In the foyer of the Met’s second-floor gallery, Cleopatra’s Chair sits empty, beckoning. This throne, constructed by legendary sculptor Barbara Chase-Riboud, is a remnant of a sustained revelation. In 1957, at only 18 years old, the American artist visited Egypt and experienced an awakening, this first encounter with artworks beyond the European canon influencing her practice for decades. She recalled of the experience: “For someone exposed only to the Greco-Roman tradition, it was a revelation. I suddenly saw how insular the Western World was vis-a-vis the nonwhite, non-Christian world. The blast of Egyptian culture was irresistible. The sheer magnificence of it. The elegance and perfection, the timelessness, the depth. After that, Greek and Roman Art looked like pastry to me.” She completed Cleopatra’s Chair in 1994 (five years before her own groundbreaking solo exhibition at the Met).

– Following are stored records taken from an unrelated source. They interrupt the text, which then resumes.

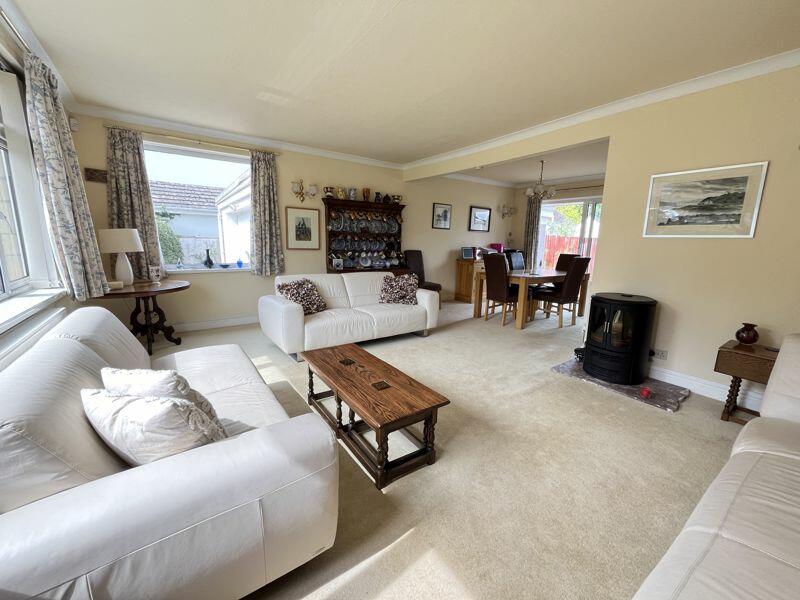 Additional image 2 of 27 Pwll-Y-Myn Crescent , Peterston Super Ely, The Vale of Glamorgan CF5 6LR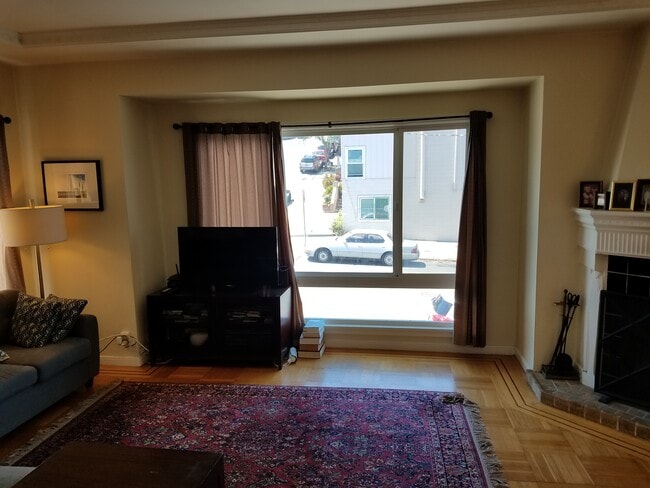 Building Photo - 295 Oxford St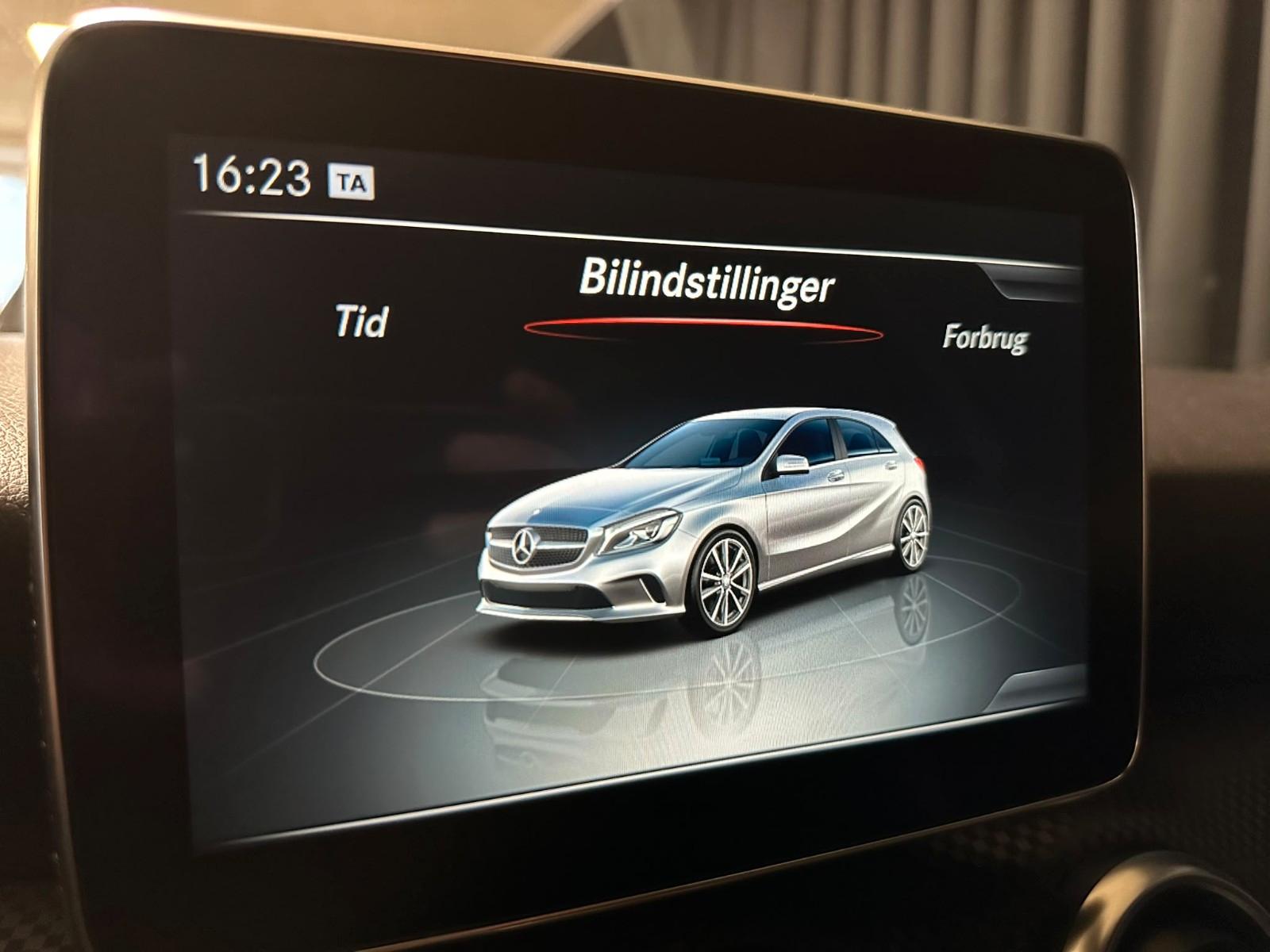 Mercedes-Benz A200 2015 — photo 22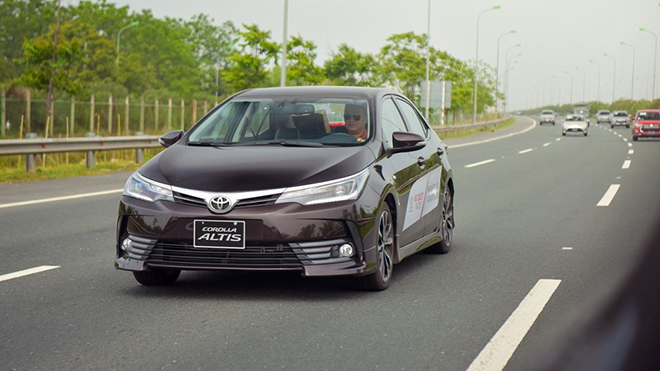 Giá xe Toyota Corolla Altis tháng 1/2022, hỗ trợ 40 triệu đồng phí trước bạ - 3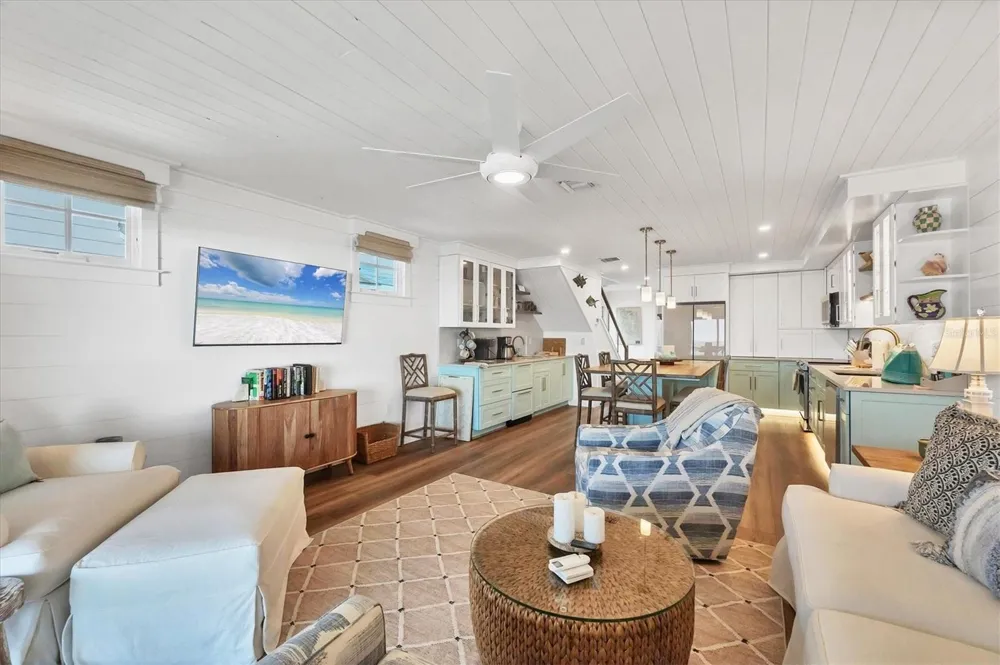 290 GULF BOULEVARD #17 Boca Grande, FL 33921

“Flight Into Egypt: Black Artists and Ancient Egypt 1876–Now” highlights almost 200 years of this return-to-self. It’s a meeting ground of Black cultural production, a decidedly pan-African sensibility that engages with ancient Egypt as a spiritual point of reference for fashioning a collective identity; a source for inspiration and a site of affinity against the erasure of a cultural lineage. The exhibition, on view through February 17, 25, offers more than mythos, grounding itself in the promise of great origins reclaimed from a discipline of Egyptology that had categorized the civilization as “proto-European,” separate from the rest of continental Africa. The show’s aims are clear, but our means of flight remain as unresolved as these histories. Egyptian sphinxes don’t have wings.
The Met’s warm walls bear the threads of this restorative practice with a nod of recognition. It’s a noteworthy celebration that feels uncharacteristic—if not unheard of—at this institutional scale. The museum’s commitment to the work feels singular in its candor, an endeavor that imbues the space with an authenticity that is above all else deeply comforting. It’s a feeling only dwarfed by the magnitude of its implications: the way a movement appears before our eyes with resonances that touch the soul.
The survey’s pantheon of Black artists ranges from contemporary titans like David Hammons and Jean-Michel Basquiat to lesser known figures from the 19th century. Together they depict a well of spiritual data, the source material of self. Beyond the visual works, however, the abundance of music and literature underscores the museum’s role as a public resource.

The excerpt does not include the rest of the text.